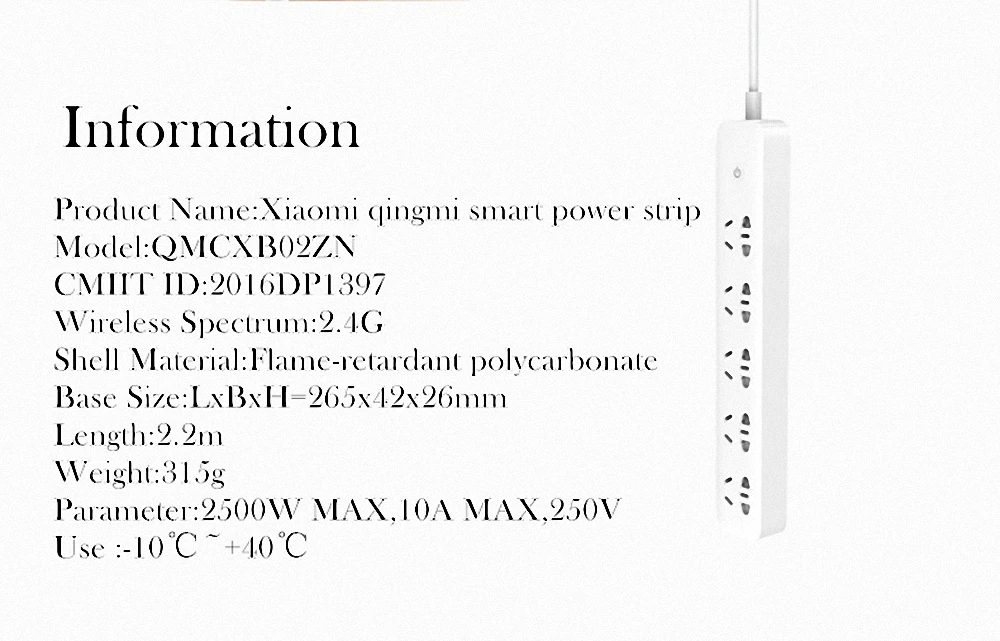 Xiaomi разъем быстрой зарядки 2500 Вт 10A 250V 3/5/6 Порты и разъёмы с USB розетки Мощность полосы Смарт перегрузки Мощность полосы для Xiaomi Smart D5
* * *
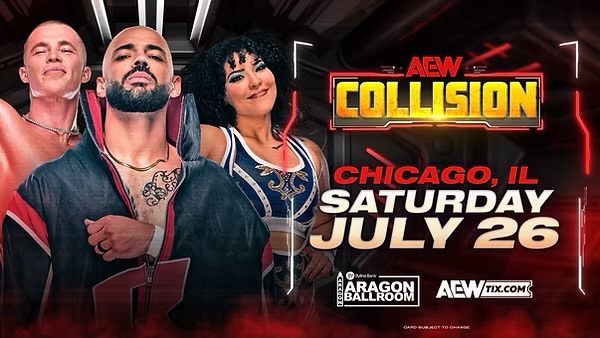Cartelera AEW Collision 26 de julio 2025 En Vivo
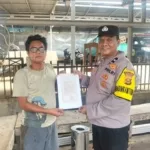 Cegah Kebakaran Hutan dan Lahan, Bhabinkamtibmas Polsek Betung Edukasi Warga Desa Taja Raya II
==
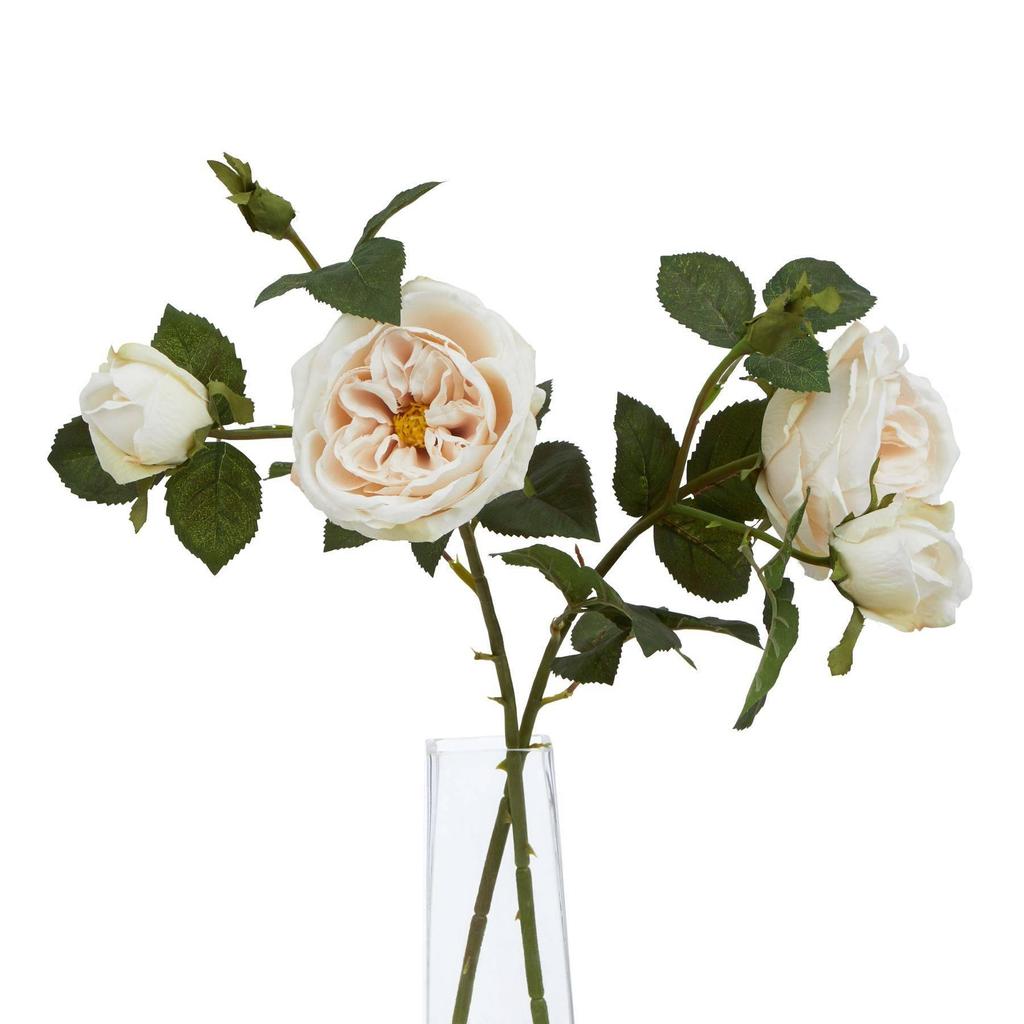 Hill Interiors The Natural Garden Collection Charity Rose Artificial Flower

Activity
Using the data above, copy exactly the lines from the one containing "Cartelera AEW Collision" to the one containing "Cegah Kebakaran Hutan", inclusive. Exclude the pictures.

Written answer
Cartelera AEW Collision 26 de julio 2025 En Vivo
 Cegah Kebakaran Hutan dan Lahan, Bhabinkamtibmas Polsek Betung Edukasi Warga Desa Taja Raya II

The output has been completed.